[Mono-list] RT Os and Mono

Jonathan Pryor jonpryor at vt.edu
Fri Feb 15 13:26:53 EST 2008


On Fri, 2008-02-15 at 19:08 +0100, Lorenzo Viola wrote:
> I see that you point out the GC , are you speaking about Garbage 
> Collection ?

Yes, GC == Garbage Collector or Garbage Collection.

> I saw that for example on Mono+ASP.NET the GC could be quite intensive,
> and not forceable (at last on some month ago version)

You can explicitly request a GC by calling System.GC.Collect(), but the
GC can ignore your request.  Generally, it's not a good idea to
explicitly force a GC, unless you know what you're doing.

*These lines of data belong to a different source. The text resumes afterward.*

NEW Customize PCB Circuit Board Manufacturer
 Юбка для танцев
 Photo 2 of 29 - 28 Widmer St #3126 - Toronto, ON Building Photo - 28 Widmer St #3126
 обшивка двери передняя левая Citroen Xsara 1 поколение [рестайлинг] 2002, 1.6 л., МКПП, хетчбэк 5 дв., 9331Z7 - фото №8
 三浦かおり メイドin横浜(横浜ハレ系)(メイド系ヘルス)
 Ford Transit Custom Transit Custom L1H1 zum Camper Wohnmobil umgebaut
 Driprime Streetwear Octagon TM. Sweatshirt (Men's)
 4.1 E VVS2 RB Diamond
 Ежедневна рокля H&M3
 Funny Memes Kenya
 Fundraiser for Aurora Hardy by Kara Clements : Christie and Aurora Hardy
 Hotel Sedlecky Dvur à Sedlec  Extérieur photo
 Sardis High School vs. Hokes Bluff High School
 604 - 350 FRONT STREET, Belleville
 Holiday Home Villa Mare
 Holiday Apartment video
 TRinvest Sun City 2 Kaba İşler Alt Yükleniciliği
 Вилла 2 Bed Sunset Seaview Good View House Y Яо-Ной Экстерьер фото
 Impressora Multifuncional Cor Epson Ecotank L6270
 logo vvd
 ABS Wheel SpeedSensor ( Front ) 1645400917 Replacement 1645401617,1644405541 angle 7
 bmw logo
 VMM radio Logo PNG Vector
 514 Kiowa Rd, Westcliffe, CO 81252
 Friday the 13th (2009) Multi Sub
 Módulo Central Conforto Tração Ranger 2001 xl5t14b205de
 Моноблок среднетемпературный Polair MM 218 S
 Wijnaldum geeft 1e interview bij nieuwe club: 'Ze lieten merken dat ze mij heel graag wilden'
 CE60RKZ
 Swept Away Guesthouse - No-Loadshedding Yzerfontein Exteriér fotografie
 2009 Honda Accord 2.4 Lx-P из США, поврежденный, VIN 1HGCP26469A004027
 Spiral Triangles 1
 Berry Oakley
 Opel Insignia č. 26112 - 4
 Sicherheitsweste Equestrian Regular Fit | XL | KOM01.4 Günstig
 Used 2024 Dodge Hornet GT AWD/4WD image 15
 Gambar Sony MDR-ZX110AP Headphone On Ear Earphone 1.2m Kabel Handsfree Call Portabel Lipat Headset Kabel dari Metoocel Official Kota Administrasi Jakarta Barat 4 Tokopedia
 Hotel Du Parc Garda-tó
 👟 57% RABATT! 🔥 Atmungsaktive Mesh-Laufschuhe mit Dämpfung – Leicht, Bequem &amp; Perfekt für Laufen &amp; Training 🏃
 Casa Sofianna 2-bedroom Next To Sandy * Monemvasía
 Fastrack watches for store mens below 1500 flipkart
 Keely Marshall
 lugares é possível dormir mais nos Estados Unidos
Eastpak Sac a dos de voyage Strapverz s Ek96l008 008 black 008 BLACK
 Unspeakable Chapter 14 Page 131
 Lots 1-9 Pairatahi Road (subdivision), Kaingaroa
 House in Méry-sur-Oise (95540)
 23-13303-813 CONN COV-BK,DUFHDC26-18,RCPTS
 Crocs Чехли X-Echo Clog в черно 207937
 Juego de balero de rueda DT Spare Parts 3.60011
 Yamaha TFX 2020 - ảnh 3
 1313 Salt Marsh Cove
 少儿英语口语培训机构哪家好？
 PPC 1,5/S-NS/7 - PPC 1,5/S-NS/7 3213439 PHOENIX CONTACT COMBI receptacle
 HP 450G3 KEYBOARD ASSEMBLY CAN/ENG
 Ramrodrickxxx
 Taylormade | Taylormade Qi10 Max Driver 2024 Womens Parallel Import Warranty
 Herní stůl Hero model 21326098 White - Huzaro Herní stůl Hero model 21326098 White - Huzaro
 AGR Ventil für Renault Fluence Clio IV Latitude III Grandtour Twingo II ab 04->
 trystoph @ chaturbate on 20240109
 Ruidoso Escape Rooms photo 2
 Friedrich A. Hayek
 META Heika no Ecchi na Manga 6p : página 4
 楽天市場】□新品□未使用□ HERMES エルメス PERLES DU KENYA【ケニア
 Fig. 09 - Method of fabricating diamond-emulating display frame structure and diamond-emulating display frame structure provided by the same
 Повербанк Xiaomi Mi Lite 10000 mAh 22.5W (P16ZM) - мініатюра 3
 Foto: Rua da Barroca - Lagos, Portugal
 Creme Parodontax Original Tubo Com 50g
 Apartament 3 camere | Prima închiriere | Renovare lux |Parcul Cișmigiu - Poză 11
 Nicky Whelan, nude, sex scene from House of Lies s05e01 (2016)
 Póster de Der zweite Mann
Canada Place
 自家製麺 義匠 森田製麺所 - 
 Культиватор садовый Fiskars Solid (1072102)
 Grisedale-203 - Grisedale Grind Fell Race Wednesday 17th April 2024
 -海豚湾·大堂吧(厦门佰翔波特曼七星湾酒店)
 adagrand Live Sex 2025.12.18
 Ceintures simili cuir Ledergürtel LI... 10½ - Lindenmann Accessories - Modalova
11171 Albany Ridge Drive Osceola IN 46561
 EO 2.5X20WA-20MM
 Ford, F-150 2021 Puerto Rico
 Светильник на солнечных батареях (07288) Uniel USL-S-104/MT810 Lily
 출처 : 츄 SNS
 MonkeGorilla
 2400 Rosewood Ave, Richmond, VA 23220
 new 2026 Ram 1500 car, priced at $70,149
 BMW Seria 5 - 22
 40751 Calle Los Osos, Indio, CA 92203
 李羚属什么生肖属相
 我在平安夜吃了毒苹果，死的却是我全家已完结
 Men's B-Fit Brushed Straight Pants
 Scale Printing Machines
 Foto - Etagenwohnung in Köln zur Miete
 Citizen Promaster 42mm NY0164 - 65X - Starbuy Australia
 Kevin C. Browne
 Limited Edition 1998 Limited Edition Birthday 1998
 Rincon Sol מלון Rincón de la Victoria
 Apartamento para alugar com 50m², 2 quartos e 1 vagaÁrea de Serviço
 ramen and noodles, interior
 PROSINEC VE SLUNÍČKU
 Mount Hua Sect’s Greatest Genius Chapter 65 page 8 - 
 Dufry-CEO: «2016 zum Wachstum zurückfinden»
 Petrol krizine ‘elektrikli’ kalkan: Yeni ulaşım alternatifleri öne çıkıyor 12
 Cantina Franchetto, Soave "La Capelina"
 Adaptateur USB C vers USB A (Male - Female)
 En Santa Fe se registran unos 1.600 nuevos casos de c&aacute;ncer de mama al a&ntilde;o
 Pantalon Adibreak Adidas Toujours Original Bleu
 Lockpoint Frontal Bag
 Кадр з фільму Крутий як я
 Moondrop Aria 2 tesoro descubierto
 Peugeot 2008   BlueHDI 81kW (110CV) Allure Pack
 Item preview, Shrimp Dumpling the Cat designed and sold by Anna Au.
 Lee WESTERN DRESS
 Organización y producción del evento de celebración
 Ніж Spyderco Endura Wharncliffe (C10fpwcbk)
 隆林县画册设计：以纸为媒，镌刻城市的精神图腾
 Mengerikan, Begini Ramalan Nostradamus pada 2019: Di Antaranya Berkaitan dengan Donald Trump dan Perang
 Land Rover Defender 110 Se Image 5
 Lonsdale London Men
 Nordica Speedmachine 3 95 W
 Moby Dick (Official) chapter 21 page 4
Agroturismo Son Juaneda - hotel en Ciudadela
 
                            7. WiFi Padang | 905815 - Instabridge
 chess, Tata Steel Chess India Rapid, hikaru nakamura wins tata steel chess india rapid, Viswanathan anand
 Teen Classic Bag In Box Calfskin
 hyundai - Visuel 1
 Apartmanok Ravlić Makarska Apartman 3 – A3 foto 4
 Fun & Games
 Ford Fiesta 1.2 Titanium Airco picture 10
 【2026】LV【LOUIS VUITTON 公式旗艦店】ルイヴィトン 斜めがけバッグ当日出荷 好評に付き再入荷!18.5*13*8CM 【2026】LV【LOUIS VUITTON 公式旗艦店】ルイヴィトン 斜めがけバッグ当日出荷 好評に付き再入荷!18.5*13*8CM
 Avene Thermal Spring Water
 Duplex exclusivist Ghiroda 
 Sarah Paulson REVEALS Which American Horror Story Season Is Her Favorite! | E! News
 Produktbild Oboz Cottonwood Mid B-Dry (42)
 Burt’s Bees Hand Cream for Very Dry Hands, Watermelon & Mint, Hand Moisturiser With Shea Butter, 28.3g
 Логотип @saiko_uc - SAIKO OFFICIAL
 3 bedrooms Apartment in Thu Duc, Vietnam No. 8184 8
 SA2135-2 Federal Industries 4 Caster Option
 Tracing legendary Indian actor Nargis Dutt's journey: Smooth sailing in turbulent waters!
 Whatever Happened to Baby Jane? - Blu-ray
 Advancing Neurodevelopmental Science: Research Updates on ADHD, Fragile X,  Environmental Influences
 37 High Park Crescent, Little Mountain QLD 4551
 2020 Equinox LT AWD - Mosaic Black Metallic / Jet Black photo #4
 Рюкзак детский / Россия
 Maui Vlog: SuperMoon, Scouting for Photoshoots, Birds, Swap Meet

> btw , what do you mean for implicit boxing ? is it a sort of unwanted 
> recursion ?

Value types are stored on the stack or "inline" within the object.  If
you need a value type to be placed on the GC heap, it needs to be boxed.

Examples of boxing:

	object o = 42;
	Console.WriteLine (42);
	ArrayList a = new ArrayList (); a.Add (42);

Notice that there is no visible indication that boxing is occurring.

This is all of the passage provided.